▶ **Problem requirements**
Copy exactly, beginning with the line holding "Archaeologists from the" and ending with the final line of the data beneath this task; copy nothing else, and leave out every picture.

▶ **Exercise data**
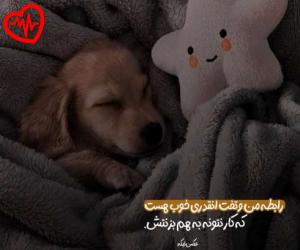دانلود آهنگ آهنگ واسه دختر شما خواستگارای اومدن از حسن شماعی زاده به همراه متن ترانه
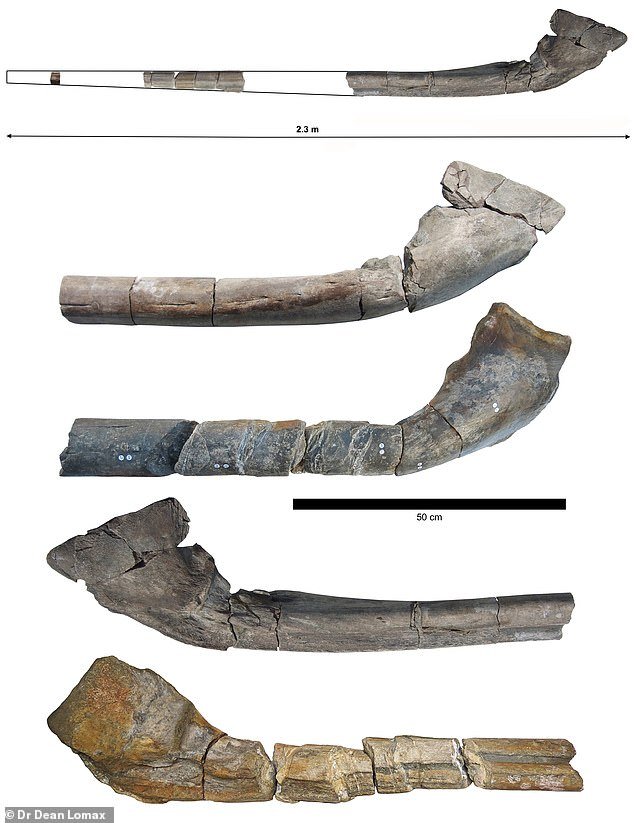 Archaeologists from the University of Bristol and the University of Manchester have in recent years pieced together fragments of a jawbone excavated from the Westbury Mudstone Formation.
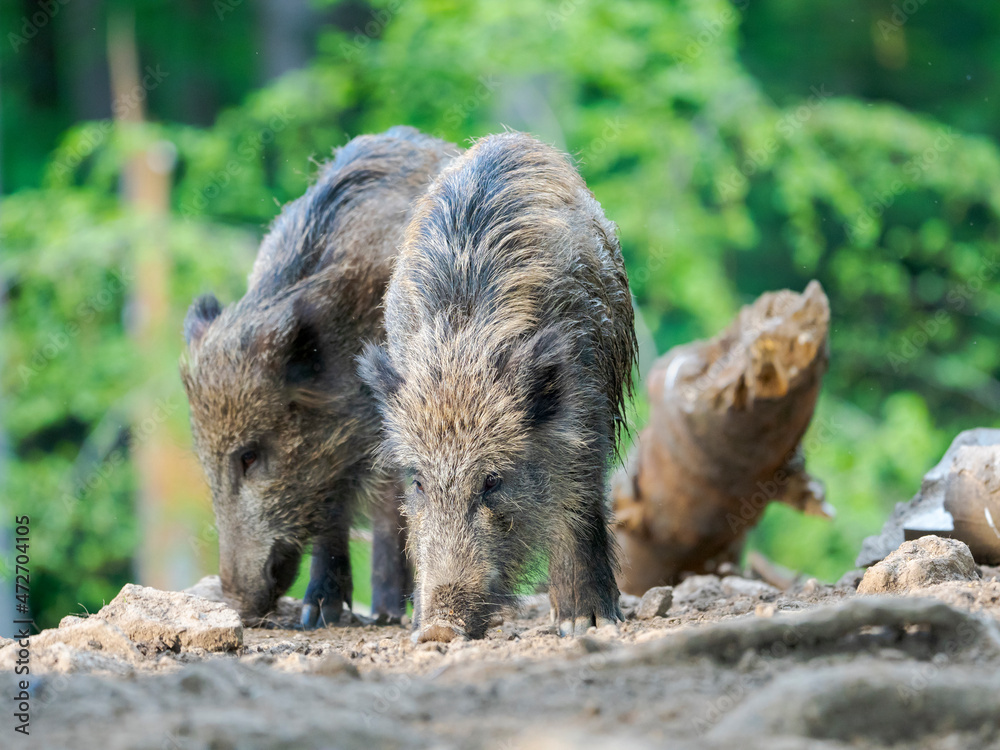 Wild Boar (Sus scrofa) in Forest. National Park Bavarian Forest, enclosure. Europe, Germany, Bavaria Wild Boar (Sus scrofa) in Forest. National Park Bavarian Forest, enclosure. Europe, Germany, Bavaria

▶ **Answer for this exercise**
 Archaeologists from the University of Bristol and the University of Manchester have in recent years pieced together fragments of a jawbone excavated from the Westbury Mudstone Formation.
 Wild Boar (Sus scrofa) in Forest. National Park Bavarian Forest, enclosure. Europe, Germany, Bavaria Wild Boar (Sus scrofa) in Forest. National Park Bavarian Forest, enclosure. Europe, Germany, Bavaria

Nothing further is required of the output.